I'm confused: he initiates very frequently anyway, I always thought from his actions he was happy with nearly every day, and I know that when we don't have sex, he's pleasing himself anyway. Last night I went to bed early and hardly saw him that day, when he came to bed he couldn't leave me alone! Could it be that I am just *too*, well available? I honestly never thought that would be a problem but I have pondered over whether he would like me to be a bit more of a challenge, less available, maybe every night is too predictable? But when I *do* try to initiate in different situations he fobs me off, he's the one who wants it at bedtime, I'd be happy to spice it up!

I did mention before that with his recent EA I am worried that any drop might send his attentions more outwards... I don't think he'd go elsewhere but of course now it worries me. How can I be less available and more of a challenge years into our marriage?


----------



## YinPrincess (Jul 31, 2011)

If your husband has been having EA's it seems as though the challenge is part of the fun for him...

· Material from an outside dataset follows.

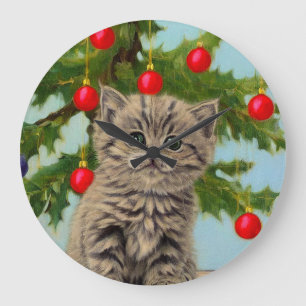 Vintage Katze und Weihnachtsbaum Große Wanduhr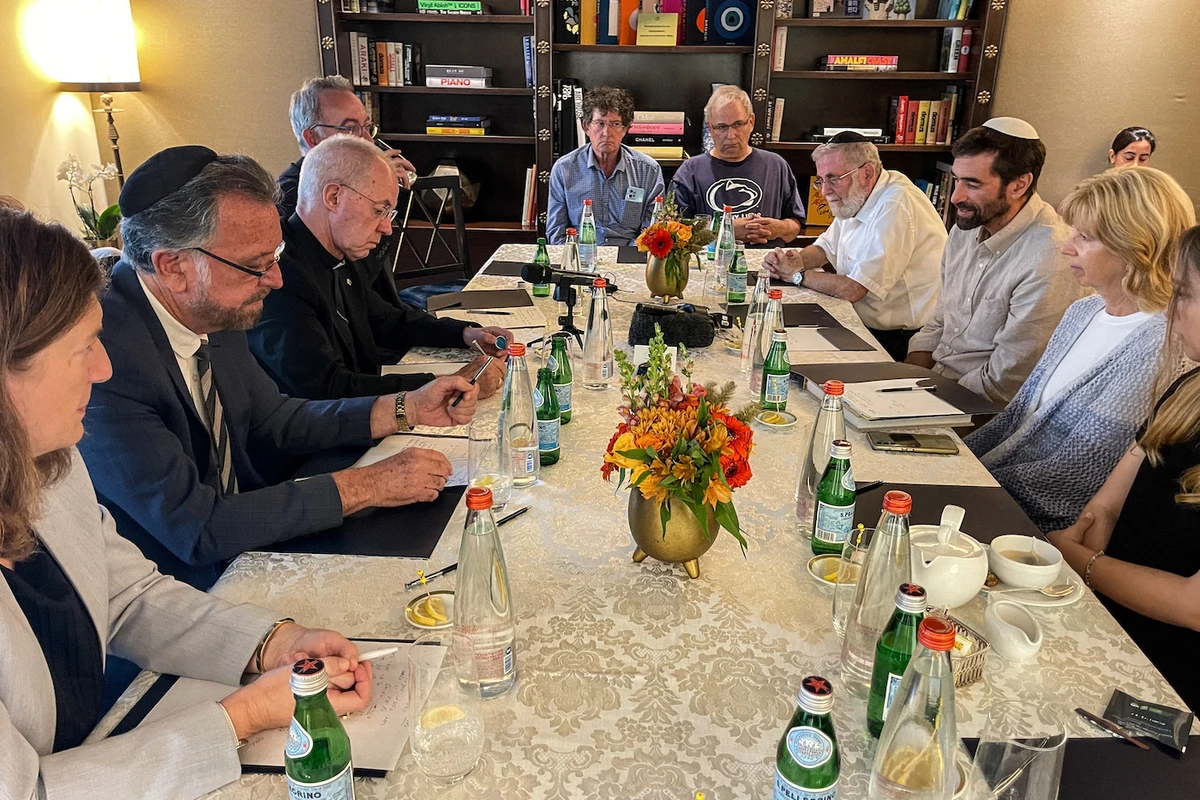 Archbishop of Canterbury Justin Welby meets with the family of Yosef Malachi, who was killed in Kibbutz Kfar Aza, at the King David Hotel in Jerusalem Oct. 22, 2023. (Reuters)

Try being more aloof and see what happens.


----------



## NotLikeYou (Aug 30, 2011)

walkingwounded said:


> He said that when I fall asleep on the sofa, he finishes up whatever he is doing, and just goes straight to bed.
> 
> I did mention before that with his recent EA I am worried that any drop might send his attentions more outwards... I don't think he'd go elsewhere but of course now it worries me. How can I be less available and more of a challenge years into our marriage?


Well, for starters, I'd bet good money that "whatever he is doing" involves being on a computer. I think that if you do a little digging, and see where he has been surfing on the computer, and who he has been talking to, that being less available and more of a challenge will come naturally, because you'll be extremely pissed off at him.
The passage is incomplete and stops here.